Data shown ::
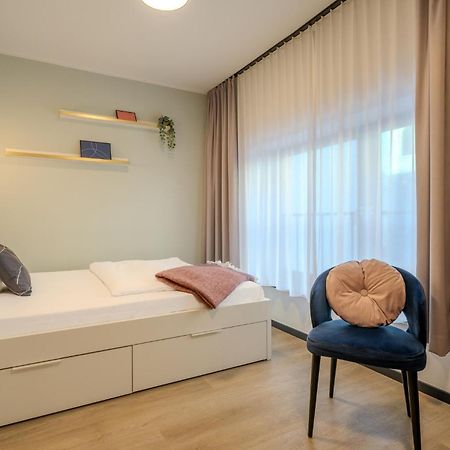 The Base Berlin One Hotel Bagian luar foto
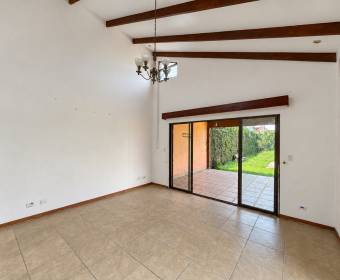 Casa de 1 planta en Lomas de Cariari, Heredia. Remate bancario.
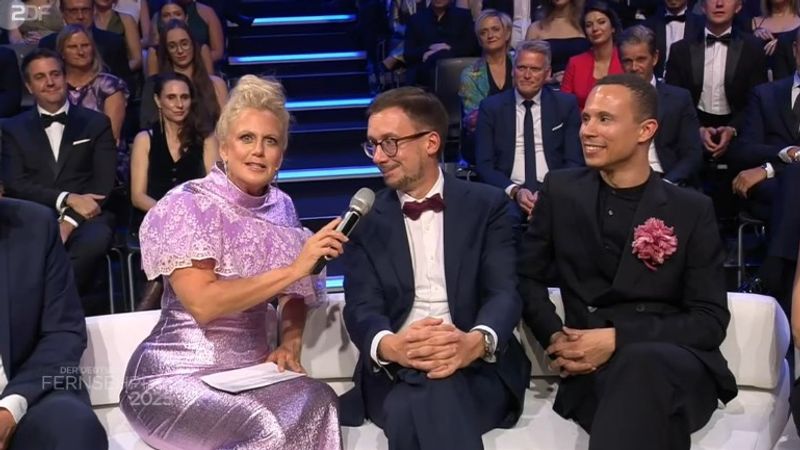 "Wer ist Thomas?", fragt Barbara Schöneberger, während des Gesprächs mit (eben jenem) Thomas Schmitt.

How to complete this task :: Exact copy, no pictures: reproduce the whole listing above.

Result for this task ::
 The Base Berlin One Hotel Bagian luar foto
 Casa de 1 planta en Lomas de Cariari, Heredia. Remate bancario.
 "Wer ist Thomas?", fragt Barbara Schöneberger, während des Gesprächs mit (eben jenem) Thomas Schmitt.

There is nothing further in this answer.